The group had left on Saturday morning on a boat trip between Newburgh, Fife, and Arbroath across the Tay Estuary, but ran into difficulties three hours into their journey when their 25ft cabin cruiser hit a sandbank and was engulfed by waves.
Jim Miller, a 44-year-old father of four, Gerald Bruce, 58, and his son Ian, 26, and Mr Miller's best friend, Alan Jones, 50, all from Arbroath, left the boat in an attempt to walk across the sandbank to reach the shore, which they could see.
Recovering at home from his ordeal, Mr Miller recalled: "The water was only about knee high and we could see the shore so we headed across the sandbank. It suddenly disappeared and we had to swim in the deeper water. Gerry had the life ring and we all had plastic canisters. Then this thick mist came in from nowhere and we couldn't see a thing - the waves were coming in all directions."
Mr Miller spoke of the moment the first man - Gerald Bruce - died. "We made a conscious decision to stay together and there was no panic. Later on, Gerry died so we still kept going. His son was getting weaker all the time so we moved Gerry out of the ring and tied him to his son, who we then put in the ring, but about an hour after that his son died. It was agonising to watch this but we tied their wrists together and left them at a marker. We couldn't do anything else.

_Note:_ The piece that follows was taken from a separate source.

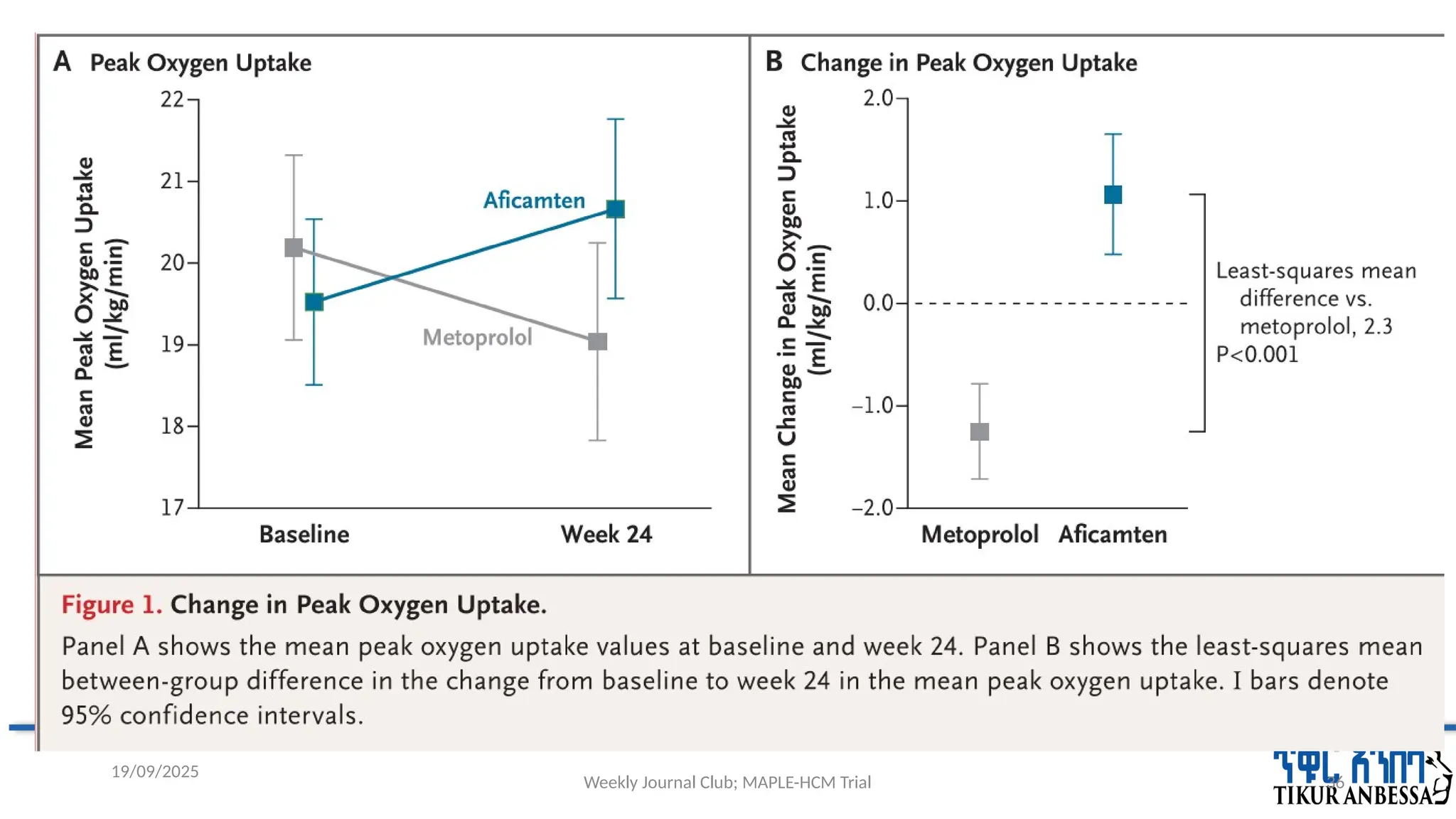 Weekly Journal Club; MAPLE-HCM Trial 36
19/09/2025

"Me and my mate Alan kept going and we just told jokes to keep going. But his heart gave up and he just keeled over and I couldn't get him wakened - he was gone. I was pulling him but I was getting really tired and I was going to put him in the life ring. I took his belt off but that's when I lost him. I just couldn't get a hold of him."
Asked how he had managed to survive the 17 hours, Mr Miller replied: "The lifeboat crew said my fat would have helped - and the will to live.
"I was thinking about what was happening, things that were coming up and just about the kids and wife - anything just to keep my mind off it."
Mr Miller then recalled the moment when the Broughty Ferry lifeboat spotted him through the mist. "I was just fighting all the time but towards the end I had given up hope and then I heard someone shouting and the lifeboat was behind me. I was just delighted to see it."
After his rescue, coastguards criticised the lack of safety equipment on board the boat. Mr Miller's survival suit, which he uses on inshore fishing trips, was left at home and the boat did not have distress flares or lifejackets.
Mr Miller said: "The boat was more or less being sorted at the time and it was just the shell with an engine inside. We were not expecting anything to happen like this. I didn't know what was on the boat because I was not expecting to go on the trip. I only decided to go at the last minute."